Sometimes I write here about what I see as mistakes on the editor side of the submitting relationship. Frequently, I take loose rejection language to task; just yesterday, I wrote critically about a specific strategy editors often use to soften the rejection blow.

But it must always be noted that editors do vital work, and many do it for no more than a love of literature and the desire to contribute to the life of letters. I stand in solidarity with these editors—especially against whiners who can’t deal with rejection.

Rejection is part of publishing. Don’t like it? Be a better writer. Or do the rest of us a favor and step aside.

Monday, May 23, 2016

What rejection means: Go write something better

I’m coming off a long dry spell in submitting, and yesterday I experienced the rare treat of a two-rejection day.

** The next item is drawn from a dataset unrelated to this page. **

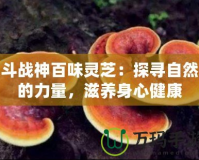 斗戰(zhàn)神百味靈芝：探尋自然的力量，滋養(yǎng)身心健康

Both rejections were for essays I’d submitted to some intriguing online journals that I hadn’t sent to before, and both rejections were extremely kind and professional in their approach. However, they were examples of a specific type that literary editors in general may want to rethink: the “It’s-Not-You-It’s-Me” rejection.

In this type of rejection, the rejection language is clear—the work didn’t make it—but the editors work perhaps a little too hard to assuage presumed disappointment. This is what they said:

Case study #1: “This is not a reflection of your work, but a reflection of how our current issue is unfolding.”

Case study #2: “We are currently receiving more high-quality submissions than we are able to publish, and I’m afraid we decided to pass on this.”

But let’s be clear about something: Barring a few exceptions (bias and prejudice come to mind), when a writer is rejected, it is the writer’s fault. The writer made the mistake of writing and submitting rejectable work.

When my work is rejected, It’s-Not-You-It’s-Me doesn’t apply. Of course it’s me. And honestly, it’s OK that it’s me instead of an editor. The knowledge that it is me, writing work editors can live without, motivates me to do better.

Were I a better writer, my essay would hit the (virtual) submission pile, and when it rose to the top of an editor’s queue, she would read it with breathless attention. She would then rip her clothes and begin crying and keening, holding her laptop tightly against her body. The rest of the staff would come running. “What is it, Louise?” they’d ask, all concern, and at her wordlessness—her complete inability to articulate the beauty she had just witnessed—they would wrest the computer from her hands and read the essay together.

At that point, I’m pretty sure the entire staff would run out of its basement or attic or academic office and start dancing in a circle, crying and strewing flowers and making love. Crowds would form, and everyone would join in, not knowing the source of the beauty, but recognizing it as essential and pure.

Somehow, that didn’t happen with these two essays. Instead, an editor encountered it in his queue and said, “Hmm, that was an OK essay, I guess,” and then forwarded me the “good” rejection—the one that asks the writer to send again. It’s not bad news in the broad scheme of things, but it’s not flowers and maypoles and parking lot sex, either.

I’m obviously exaggerating. The best essay ever written probably fell short of making everyone who read it fall in love with life and the Earth and each other. But maybe a great essay could. And maybe I need to write that essay.

What I wrote instead were two different (and, hmm, kind of similar) rejectable essays. It’s incumbent upon me to do better, and it’s incumbent upon editors to keep their standards high, because with these two kind and professional journals, I fully intend to try again.